Filesystems &
Denny’s + LQ scraping

Lecture 14

Dr. Colin Rundel

Filesystems

Pretty much all commonly used operating systems make use of a hierarchically structured filesystem.

This paradigm consists of directories which can contain files and other directories (which can then contain other files and directories and so on).

Absolute vs relative paths

Paths can either be absolute or relative, and the difference is very important. For portability reasons you should almost never use absolute paths.


Absolute path examples

/var/ftp/pub
/etc/samba.smb.conf
/boot/grub/grub.conf


Relative path examples

Sta523/filesystem/
data/access.log
filesystem/nelle/pizza.cfg

Special directories

dir(path = "data/")
[1] "ak"                 "gis"                "lego_sales.rds"    
[4] "movies"             "office_ratings.csv" "phone.csv"         
[7] "pvec_res.Rdata"     "us"                
dir(path = "data/", all.files = TRUE)
 [1] "."                  ".."                 ".DS_Store"         
 [4] "ak"                 "gis"                "lego_sales.rds"    
 [7] "movies"             "office_ratings.csv" "phone.csv"         
[10] "pvec_res.Rdata"     "us"                

dir(path = "../")
[1] "css"    "slides"
dir(path = "data/../../")
[1] "css"    "slides"
dir(path = "../../")
 [1] "_extensions"   "config.yaml"   "data"          "docs"         
 [5] "layouts"       "Makefile"      "README.md"     "resources"    
 [9] "static"        "test"          "website.Rproj"

Home directory and ~

Tilde (~) is a shortcut that expands to the name of your home directory on unix-like systems.

dir(path = "~/")
 [1] "ansible"         "Applications"    "Books"           "Calibre Library"
 [5] "Desktop"         "Documents"       "Downloads"       "Dropbox"        
 [9] "Edward Jones"    "Google Drive"    "Icon\r"          "Library"        
[13] "Movies"          "Music"           "My Drive"        "opt"            
[17] "OrbStack"        "Pictures"        "Public"          "Scratch"        
[21] "Sites"           "Sync"            "tm-log.sh"       "tmp"            
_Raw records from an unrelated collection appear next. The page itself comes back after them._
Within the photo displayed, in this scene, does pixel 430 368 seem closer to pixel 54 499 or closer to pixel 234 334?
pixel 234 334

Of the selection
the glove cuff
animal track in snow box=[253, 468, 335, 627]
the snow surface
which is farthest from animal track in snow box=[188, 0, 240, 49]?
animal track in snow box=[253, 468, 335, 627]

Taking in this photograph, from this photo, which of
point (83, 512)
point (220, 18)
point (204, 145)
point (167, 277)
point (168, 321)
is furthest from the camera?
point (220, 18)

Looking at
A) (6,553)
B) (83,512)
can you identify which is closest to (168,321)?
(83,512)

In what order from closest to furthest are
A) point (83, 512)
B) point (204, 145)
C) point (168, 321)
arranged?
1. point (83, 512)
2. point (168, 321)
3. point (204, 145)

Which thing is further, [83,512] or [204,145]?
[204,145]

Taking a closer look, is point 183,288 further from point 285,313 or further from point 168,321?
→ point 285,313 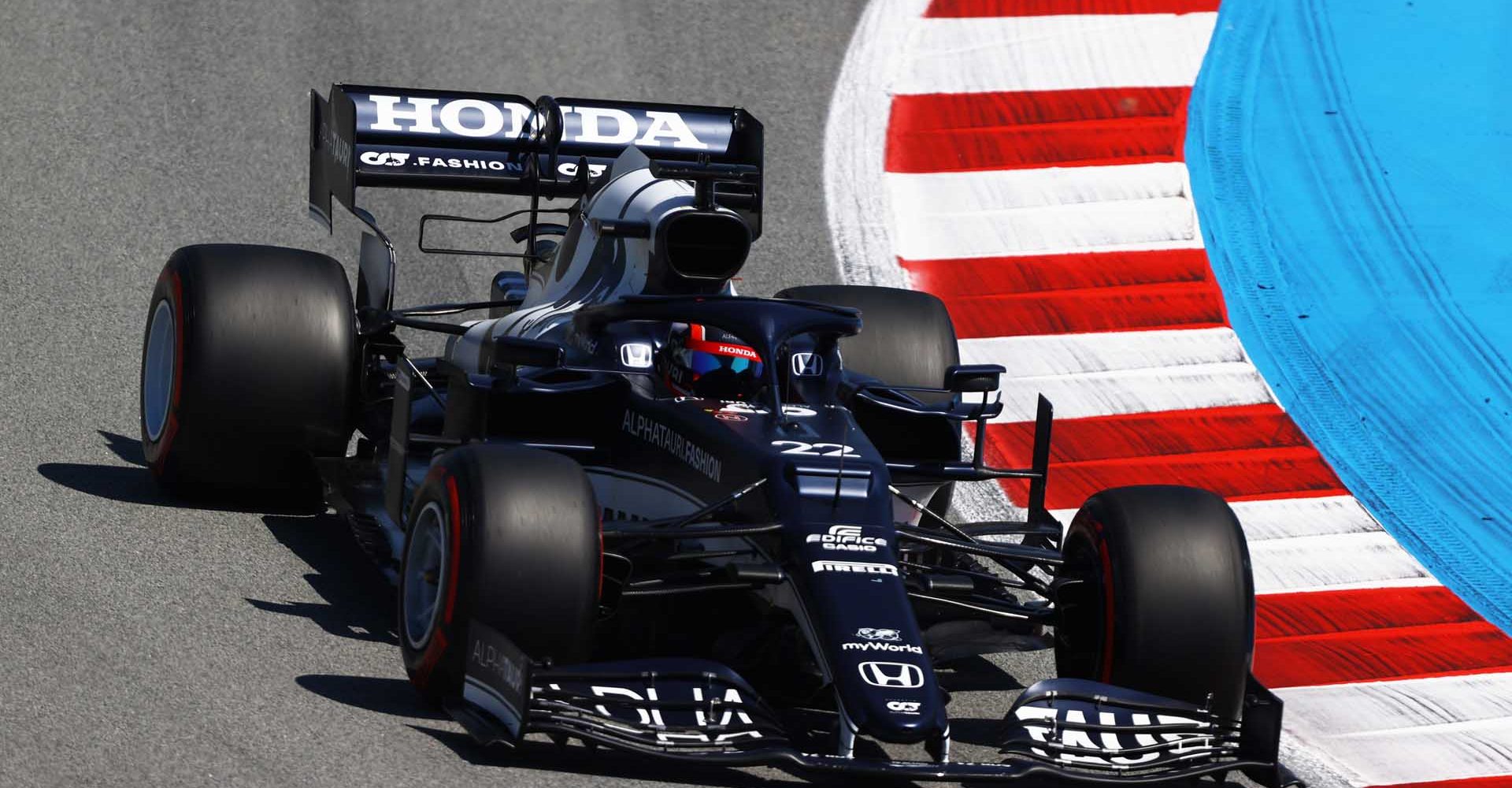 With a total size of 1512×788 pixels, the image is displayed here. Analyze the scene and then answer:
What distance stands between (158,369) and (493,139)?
5.72ft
If you append a user’s login to ~, it then refers to that user’s home directory (e.g. ~cr173).

Why ~?

Below is the keyboard from an ADM-3A terminal from the 1970s,

Working directories

R (and OSes) have the concept of a working directory, this is the directory where a program / script is being executed and determines the absolute path of any relative paths used.

getwd()
[1] "/Users/rundel/Desktop/Sta523-Fa23/website/static/slides"
setwd("~/")
getwd()
[1] "/Users/rundel"


RStudio and Working Directories

Just like R, RStudio also makes use of a working directory for each of your sessions - we haven’t had to discuss these yet because when you use an RStudio project, the working directory is automatically set to the directory containing the Rproj file.

This makes your project portable as all you need to do is to send the project folder to a collaborator (or push to GitHub) and they can open the project file and have identical relative path structure.

here

Thus far we’ve dealt with mostly simple project organizational structures - all the code has lived in the root directory and sometimes we’ve had a separate data directory for other files. As organization gets more complex to known what the working directory will be for a given script or RMarkdown document.
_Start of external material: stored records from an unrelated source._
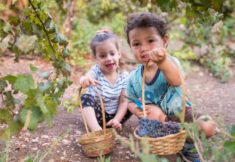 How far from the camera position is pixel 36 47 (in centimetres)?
234

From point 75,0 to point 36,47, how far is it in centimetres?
308

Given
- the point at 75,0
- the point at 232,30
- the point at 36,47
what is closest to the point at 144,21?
the point at 36,47

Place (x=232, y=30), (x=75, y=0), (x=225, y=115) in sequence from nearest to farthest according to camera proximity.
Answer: (x=225, y=115) < (x=75, y=0) < (x=232, y=30)

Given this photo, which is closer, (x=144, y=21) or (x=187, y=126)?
(x=187, y=126)

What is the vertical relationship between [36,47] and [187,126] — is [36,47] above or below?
above

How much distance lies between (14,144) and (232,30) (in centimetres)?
554

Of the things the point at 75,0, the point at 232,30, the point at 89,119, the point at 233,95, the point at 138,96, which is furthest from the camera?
the point at 232,30

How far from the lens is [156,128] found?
6.79 feet

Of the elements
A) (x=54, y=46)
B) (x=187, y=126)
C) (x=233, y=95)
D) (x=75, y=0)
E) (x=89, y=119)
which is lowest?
(x=233, y=95)

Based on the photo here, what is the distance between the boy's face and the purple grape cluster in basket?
40cm

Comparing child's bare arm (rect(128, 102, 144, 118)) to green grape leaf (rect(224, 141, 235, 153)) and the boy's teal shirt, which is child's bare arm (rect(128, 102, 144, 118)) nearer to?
the boy's teal shirt

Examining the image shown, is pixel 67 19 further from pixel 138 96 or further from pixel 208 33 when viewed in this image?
pixel 138 96

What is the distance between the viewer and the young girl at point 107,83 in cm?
282

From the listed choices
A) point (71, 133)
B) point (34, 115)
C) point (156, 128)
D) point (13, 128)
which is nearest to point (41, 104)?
point (34, 115) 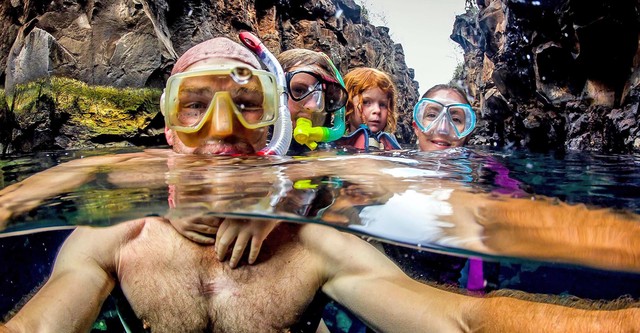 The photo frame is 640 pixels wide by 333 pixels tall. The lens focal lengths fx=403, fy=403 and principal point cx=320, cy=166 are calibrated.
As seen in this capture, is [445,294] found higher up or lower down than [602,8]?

here is a package that tries to simplify this process by identifying the root of your project for you using simple heuristics and then providing relative paths from that root directory to everything else in your project.

here::here()
[1] "/Users/rundel/Desktop/Sta523-Fa23/website/static/slides"
here::here("data/")
[1] "/Users/rundel/Desktop/Sta523-Fa23/website/static/slides/data/"
here::here("../../data/")
[1] "/Users/rundel/Desktop/Sta523-Fa23/website/static/slides/../../data/"

Rules of here::here()

The project root is established with a call to here::i_am(). Although not recommended, it can be changed by calling here::i_am() again.

In the absence of such a call (e.g. for a new project), starting with the current working directory during package load time, the directory hierarchy is walked upwards until a directory with at least one of the following conditions is found:

  • contains a file .here

  • contains a file matching [.]Rproj$ with contents matching ^Version: in the first line

  • contains a file DESCRIPTION with contents matching ^Package:

  • contains a file remake.yml

  • contains a file .projectile

  • contains a directory .git

  • contains a file .git with contents matching ^gitdir:

  • contains a directory .svn

In either case, here() appends its arguments as path components to the root directory.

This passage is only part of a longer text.